Mon chef vient de me demander pourquoi je n'avais pas posé mes congés pour les vacances de Noël. J'ai dû retenir la réponse qui pointait déjà au bout de ma langue "parce que je m'en fous". J'ai fait passer ça pour du zèle "je n'osais pas les poser tant que je n'étais pas sûre que ma présence n'était pas requise".

Tu parles. Venir pour glander sur facebook toute la journée, parce qu'il ne se passe strictement rien durant les vacances? Testé et réprouvé, non merci. Mais s'il faut que je vienne, ben je peux venir. Je m'en tape en fait. Ce n'est pas un discours très valorisant, surtout quand on s'adresse à son chef.

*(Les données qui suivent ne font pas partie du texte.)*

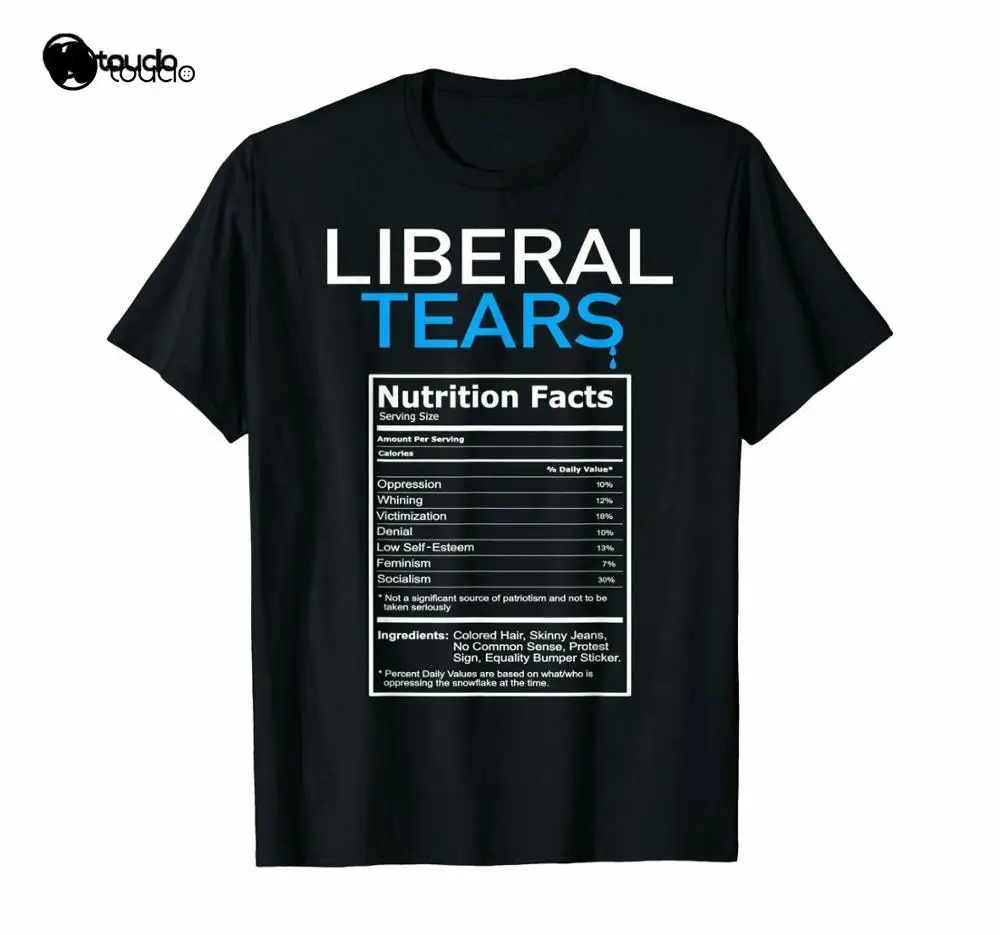 

Liberal Tears Anti Liberal Pro Trump Republican Gift T-Shirt Custom Aldult Teen Unisex Digital Printing Tee Shirt Cotton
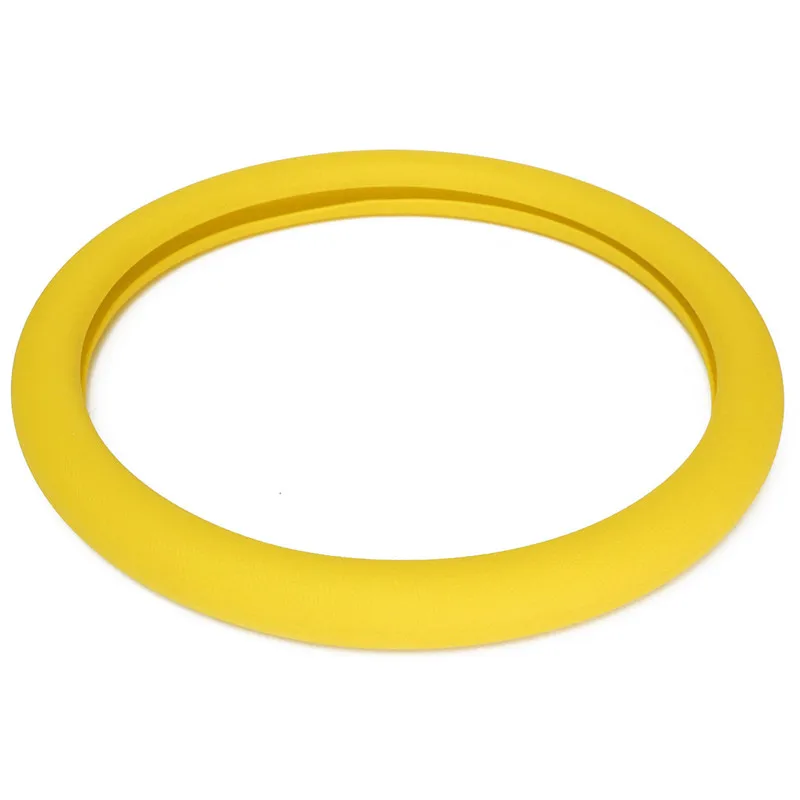 Yellow Автомобильный силиконовый чехол на руль для перчаток, мягкие автомобильные чехлы на руль, универсальные аксессуары - Название цвета: Yellow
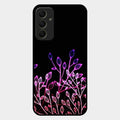 Multicolor Flower Print Glass Case Cover For Samsung Galaxy A34 5G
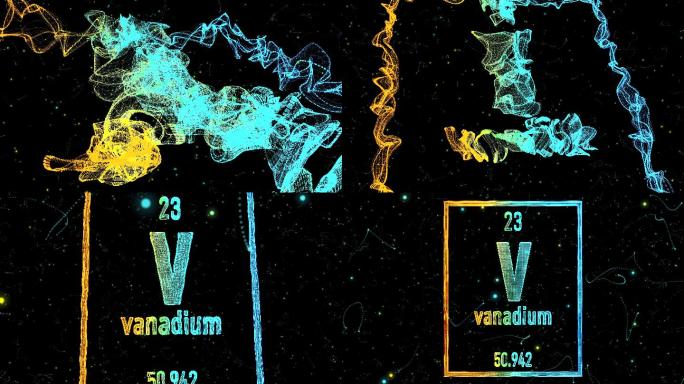 元素周期表中的钒符号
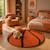 Tapis enfant tissé shaggy basket Orange 1 - vertbaudet enfant 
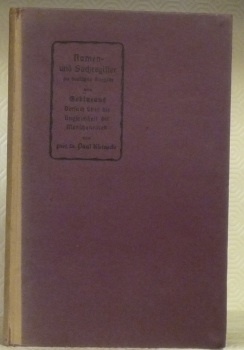 Namen- und Sachregister zur deutschen Ausgabe von Gobineaus. Versuch über …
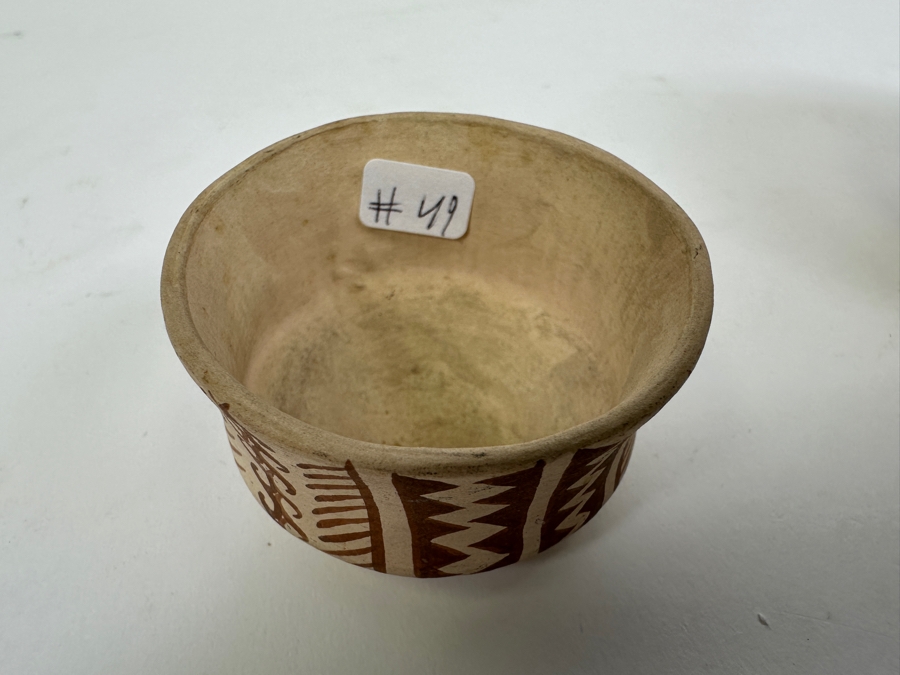 Three Small Handmade Pottery Pieces Largest Measures 2.5H [Photo 8]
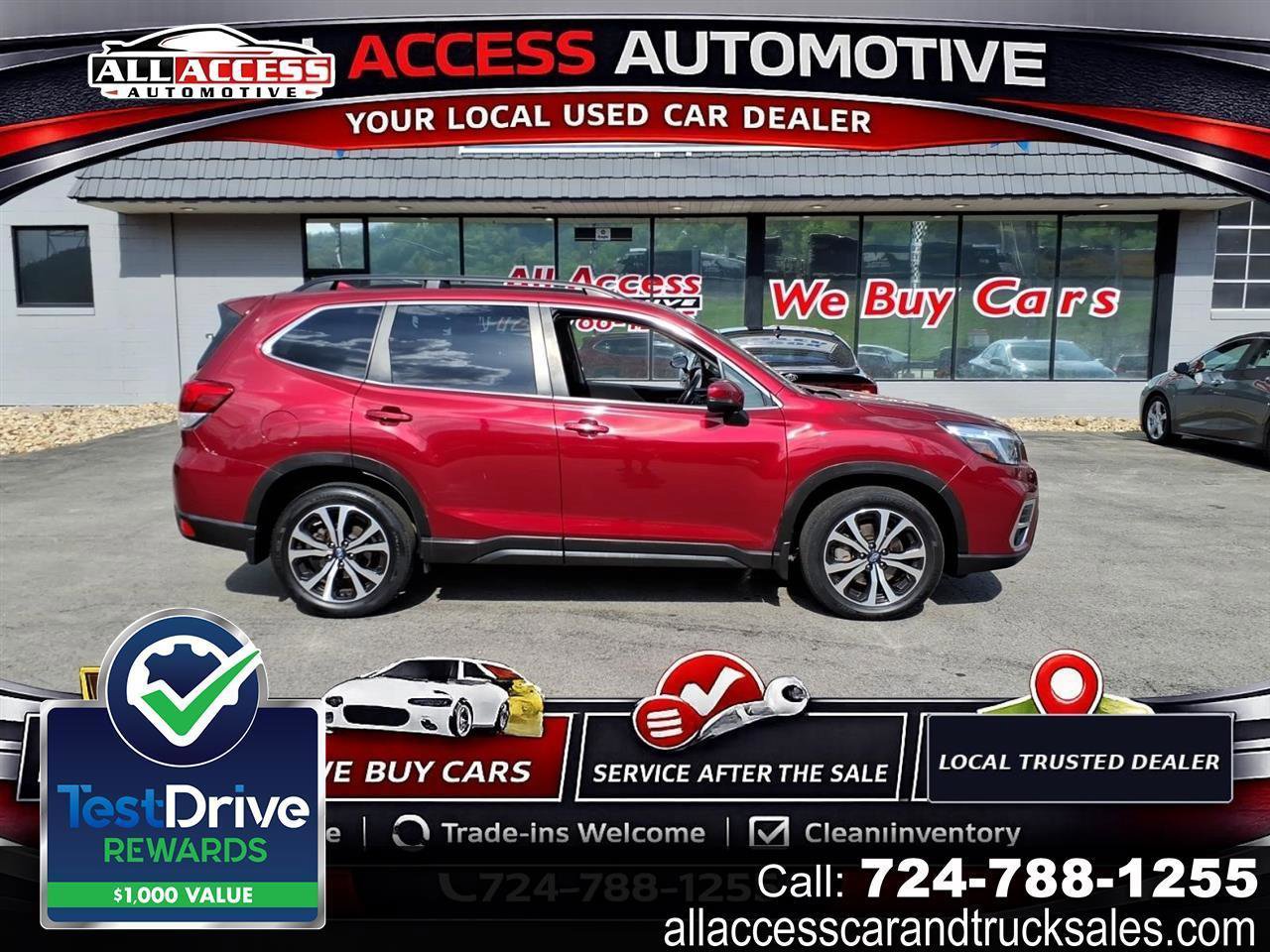 Used 2021 Subaru Forester Limited AWD/4WD image 1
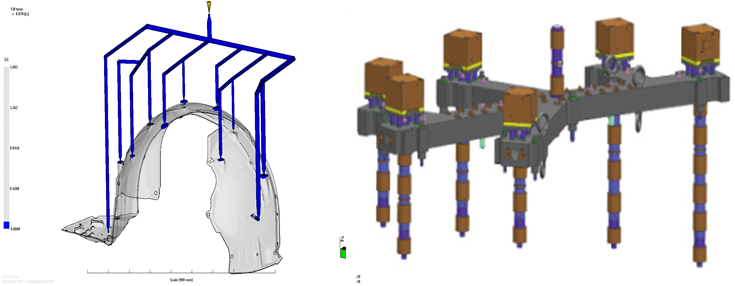 ホットランナーの採用により充填効率アップ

De la même façon, mon ballon d'eau chaude m'avait lâchée. Pas pratique du tout et assez décourageant comme nouvelle en retour de vacances (décidement les vacances c'est souvent!). Mais je ne m'en suis pas occupée parce que je m'en foutais. Les inconvénients pratiques n'étaient pas suffisament prégnants pour que je me décide à lancer les opérations, dégager l'ancien chauffe-eau pété, faire venir quelqu'un pour le changer, payer toutes ces opérations... J'ai laissé couler parce que je m'en foutais.

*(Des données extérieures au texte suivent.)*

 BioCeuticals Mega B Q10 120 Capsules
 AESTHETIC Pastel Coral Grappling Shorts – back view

Je m'ennuie dans mon travail. C'est même plus que ça, en fait, je suis à l'ouest. Lorsque je suis arrivée, j'ai été submergée par les informations, je ne comprenais rien à l'organisation de cette administration mastodonte dans laquelle j'entrais. Trois ans plus tard, j'ai compris certaines choses, mais principalement celles qui ne concernent que mon travail, mes tâches, ma mission, et à la loupe. Tout ce qui vient autour, ça me dépasse. Quand j'entends mes collègues parler de notre travail, pour peu que ça excède un tant soit peu mon activité quotidienne, je suis perdue. Mais là aussi, je m'en fous.